Nostalgia: Items of everyday life reveal Roman Havering
PUBLISHED: 14:50 04 April 2013
The exhibition Life and Death in Pompeii and Herculaneum is on at the British Museum until September 29.
The towns were destroyed by the eruption of Mount Vesuvius in 79AD and the exhibition examines daily life in the Roman settlements.
The Roman conquest of Britain did not begin until 43AD.
Evidence of Roman life here can be seen at Havering Museum in Romford High Street.
Fragments from what was probably a Roman villa, a hypocaust (underfloor heating) and roof tiles, found in Collier Row, can be seen at the museum, as can material from a Roman burial in Rainham.

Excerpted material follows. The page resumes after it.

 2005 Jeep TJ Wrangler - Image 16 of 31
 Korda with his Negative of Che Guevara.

Archaeological evidence suggests that there were villas and farms around Upminster, North Ockendon, South Hornchurch and Marks Gate.

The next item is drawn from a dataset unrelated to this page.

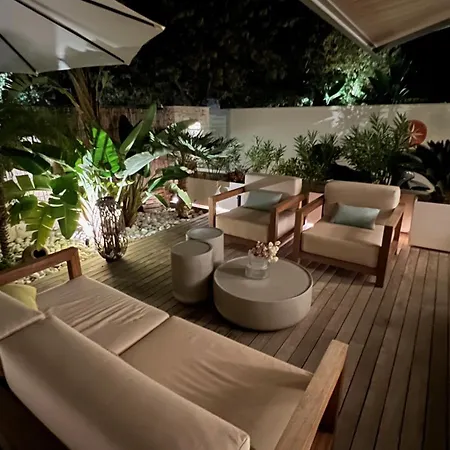 Paraiso - Mit Grossem Garten Und Pool Lägenhet *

A concentration of finds of Roman material around the Roman road between London and Colchester, now the A12, and in the Dorset Avenue area in Romford, has led some scholars to suggest that the higher land between the River Rom and Black’s Brook, now running through Lodge Farm Park, was the site of the Roman staging post Durolitum, which is referred to in a document from the third century AD.

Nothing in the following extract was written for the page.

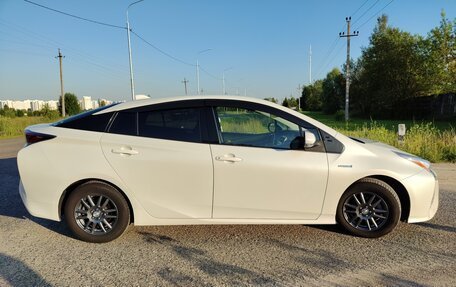 Toyota Prius IV XW50, 2017 год, 2 000 000 рублей, 4 фотография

Probably meaning a fortified settlement on a river, the settlement would have been a place where dispatch riders and senior officials of the Empire stayed overnight, changed horses and ate while travelling between the two major Roman centres of London and Colchester.
Evidence of luxury goods and daily life have also been found here.
A fourth century AD gold Roman ring, known as the Havering Ring, now in the British Museum, was found near Havering-atte-Bower.
With an inset showing the mythological classical hero Bellerophon on the winged horse Pegasus fighting the monster known as the Chimaera the item may be related to the rise of Christianity.
Elsewhere in Roman Britain, the scene was linked to the Christian fight for good over evil – as St George was later.
Roman finds near Upminster include carrots, coriander, celery seeds and honey bees, all of which were widely used in Roman cooking and brought to Britain by them.
Fragments of pottery found at Marks Gate show an erotic scene, echoing some of the sculpture found in Pompeii and Herculaneum, while fragments of a mosaic pavement found in Romford are a tantalising glimpse that the area may have had the sort of mosaic decorations now only remaining at sites such as Fishbourne and Lullingstone.